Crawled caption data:

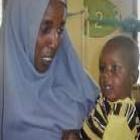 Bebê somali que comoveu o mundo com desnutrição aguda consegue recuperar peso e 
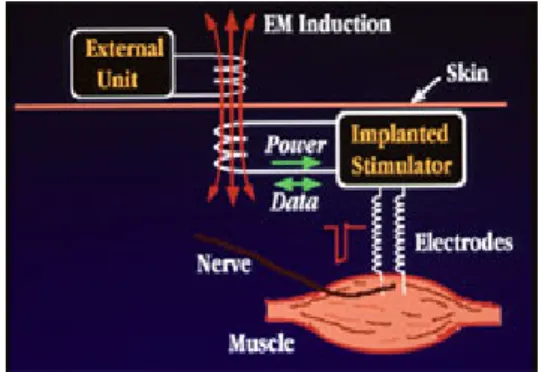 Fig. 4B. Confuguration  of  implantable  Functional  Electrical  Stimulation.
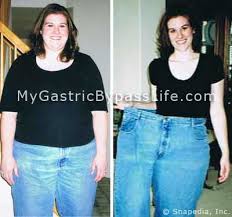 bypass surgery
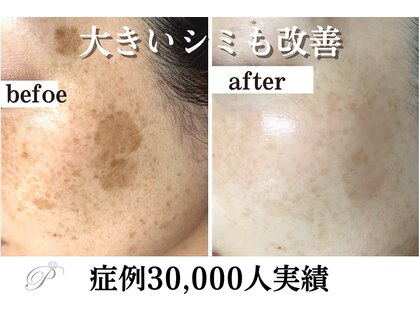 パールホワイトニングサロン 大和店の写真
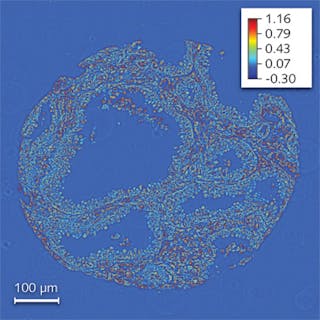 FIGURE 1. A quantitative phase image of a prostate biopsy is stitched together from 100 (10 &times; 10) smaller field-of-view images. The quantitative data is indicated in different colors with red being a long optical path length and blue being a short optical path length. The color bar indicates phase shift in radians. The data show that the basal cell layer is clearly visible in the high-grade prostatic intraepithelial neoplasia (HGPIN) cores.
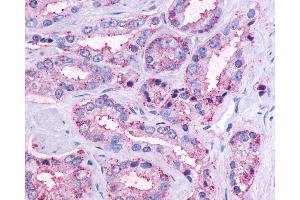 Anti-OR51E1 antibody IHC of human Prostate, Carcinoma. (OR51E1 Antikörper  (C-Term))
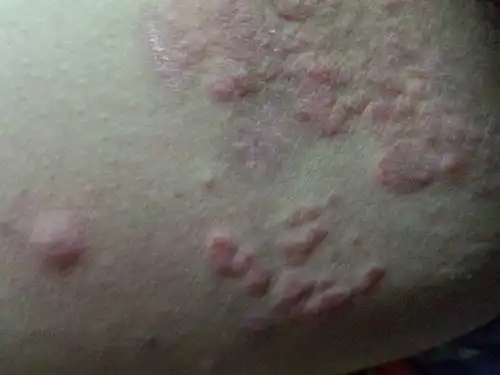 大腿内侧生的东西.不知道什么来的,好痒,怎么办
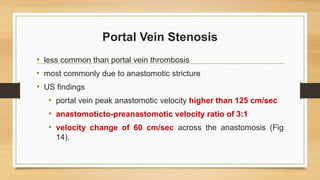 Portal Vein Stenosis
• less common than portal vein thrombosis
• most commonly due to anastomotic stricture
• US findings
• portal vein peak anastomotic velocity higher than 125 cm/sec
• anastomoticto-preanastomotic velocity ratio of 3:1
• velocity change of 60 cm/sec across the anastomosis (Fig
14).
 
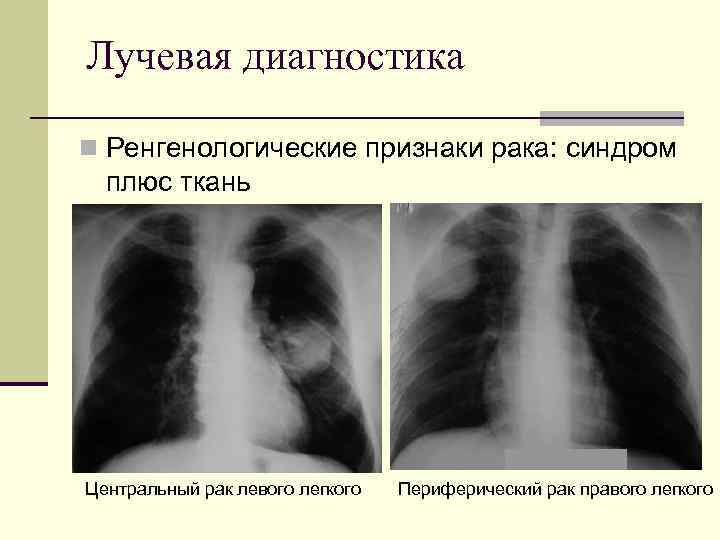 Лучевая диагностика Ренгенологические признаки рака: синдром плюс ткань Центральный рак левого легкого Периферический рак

---

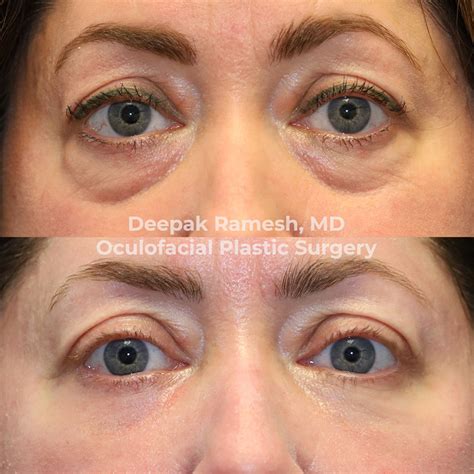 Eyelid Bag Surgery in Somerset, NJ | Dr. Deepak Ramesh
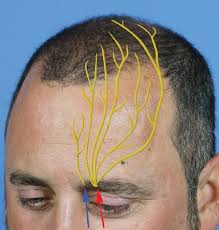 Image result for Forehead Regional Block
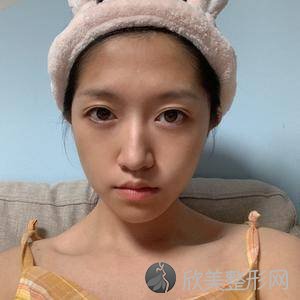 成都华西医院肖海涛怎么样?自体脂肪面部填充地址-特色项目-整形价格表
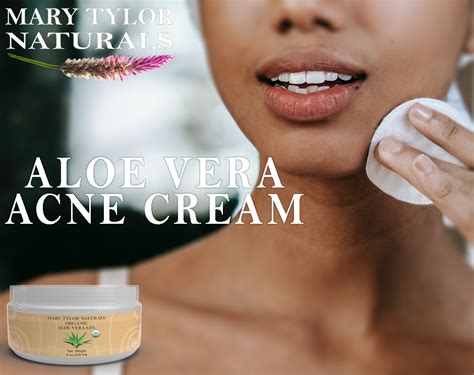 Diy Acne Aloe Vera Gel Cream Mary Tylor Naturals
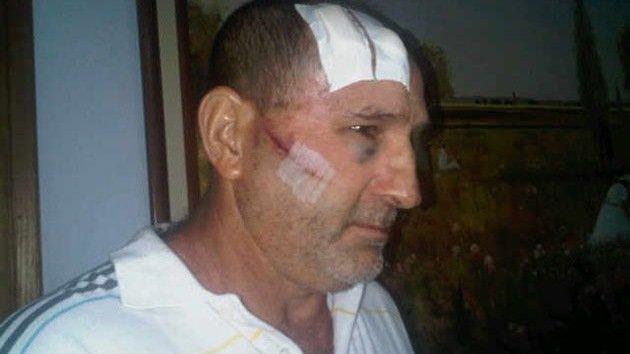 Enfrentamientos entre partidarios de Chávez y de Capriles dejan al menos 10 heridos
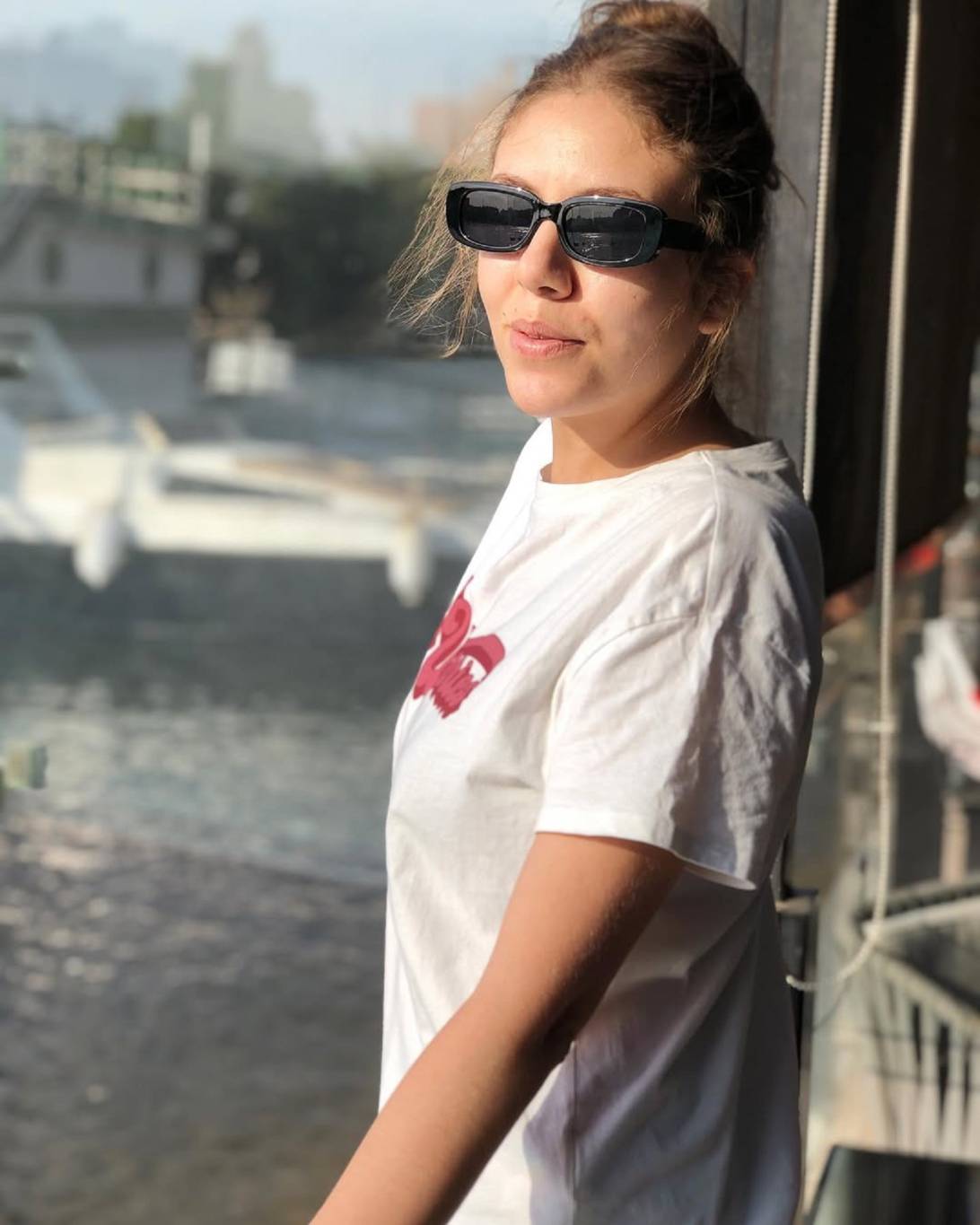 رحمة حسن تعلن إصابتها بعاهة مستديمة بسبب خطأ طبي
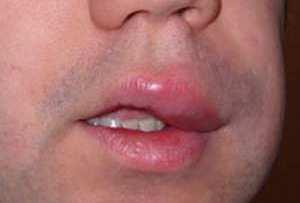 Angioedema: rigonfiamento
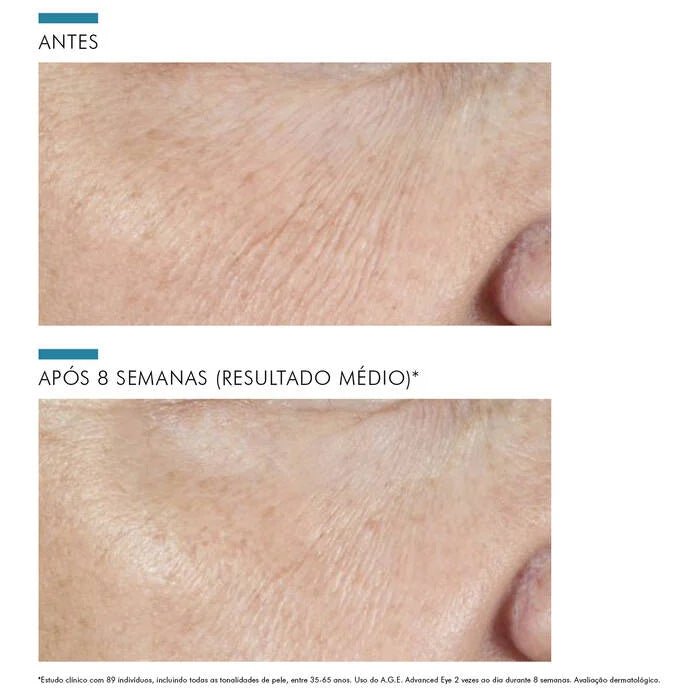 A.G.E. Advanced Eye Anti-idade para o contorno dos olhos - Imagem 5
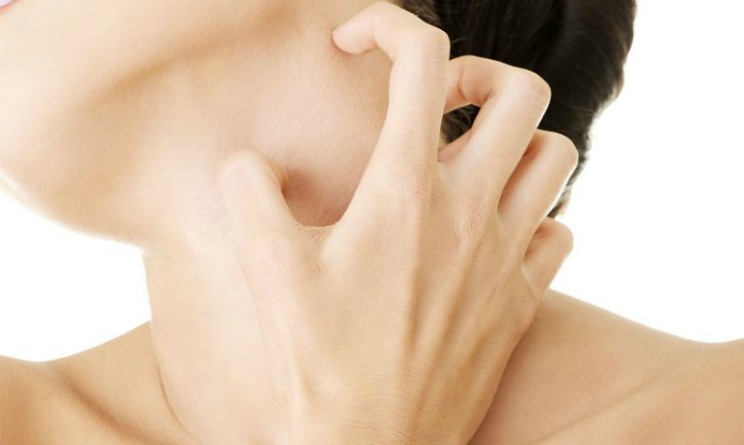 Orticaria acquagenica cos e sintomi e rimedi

...

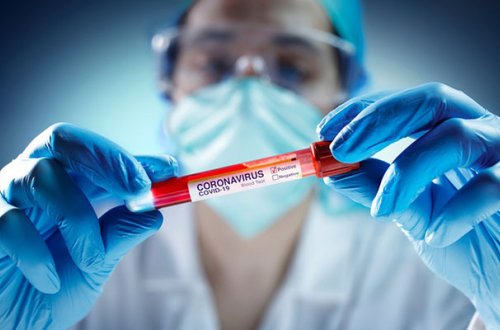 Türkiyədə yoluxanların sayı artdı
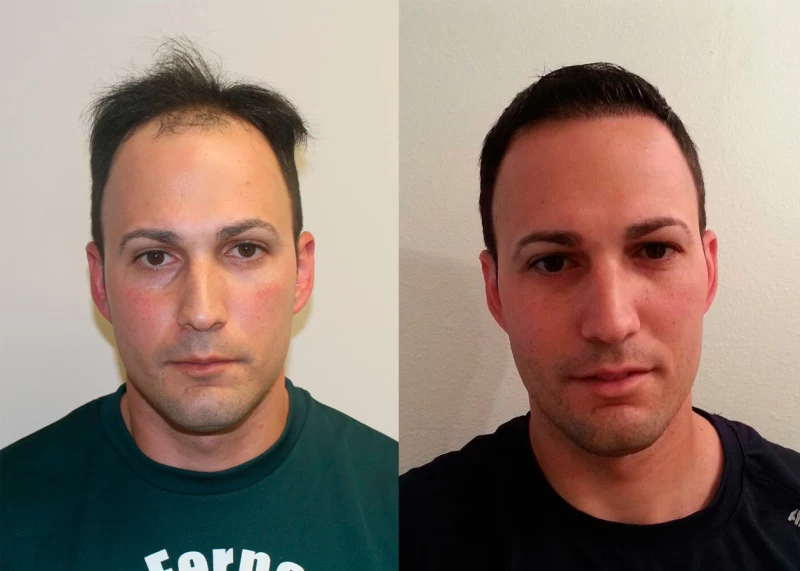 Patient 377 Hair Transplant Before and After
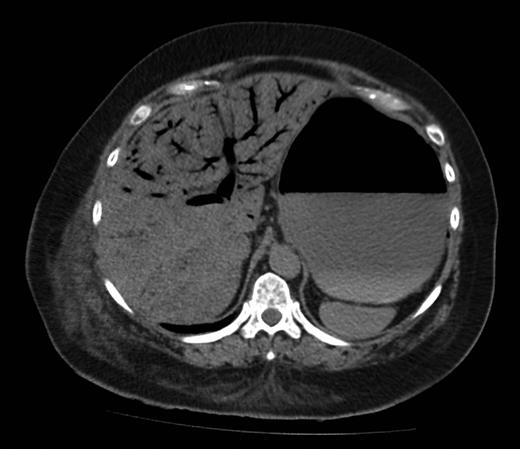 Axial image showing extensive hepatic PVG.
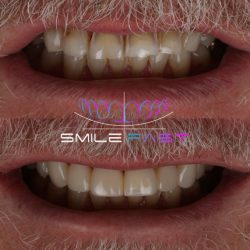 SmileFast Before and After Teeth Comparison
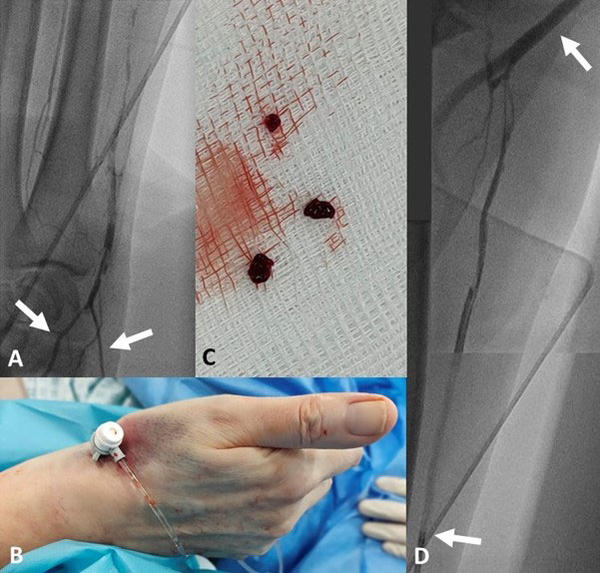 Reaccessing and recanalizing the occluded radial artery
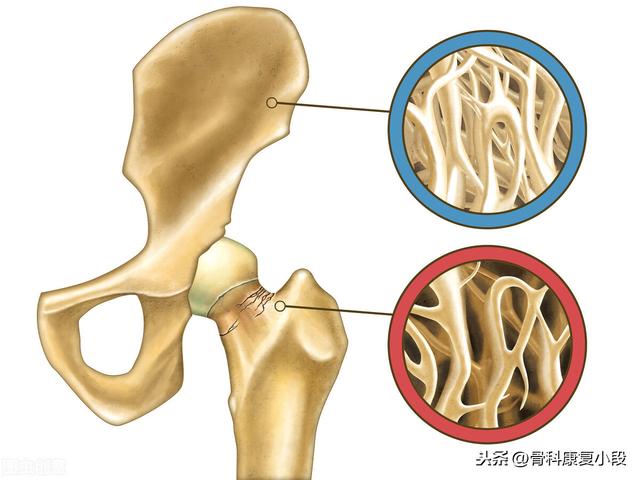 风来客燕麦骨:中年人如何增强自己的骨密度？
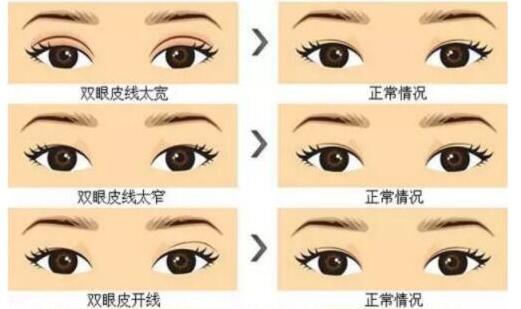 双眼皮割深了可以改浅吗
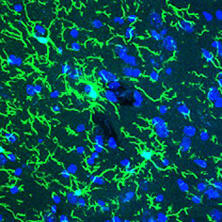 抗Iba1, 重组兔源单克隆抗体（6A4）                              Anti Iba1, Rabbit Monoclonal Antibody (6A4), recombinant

Exercise objective -> From the entries above, copy every line containing the word "velocity".

Result for this exercise ->
• portal vein peak anastomotic velocity higher than 125 cm/sec
• anastomoticto-preanastomotic velocity ratio of 3:1
• velocity change of 60 cm/sec across the anastomosis (Fig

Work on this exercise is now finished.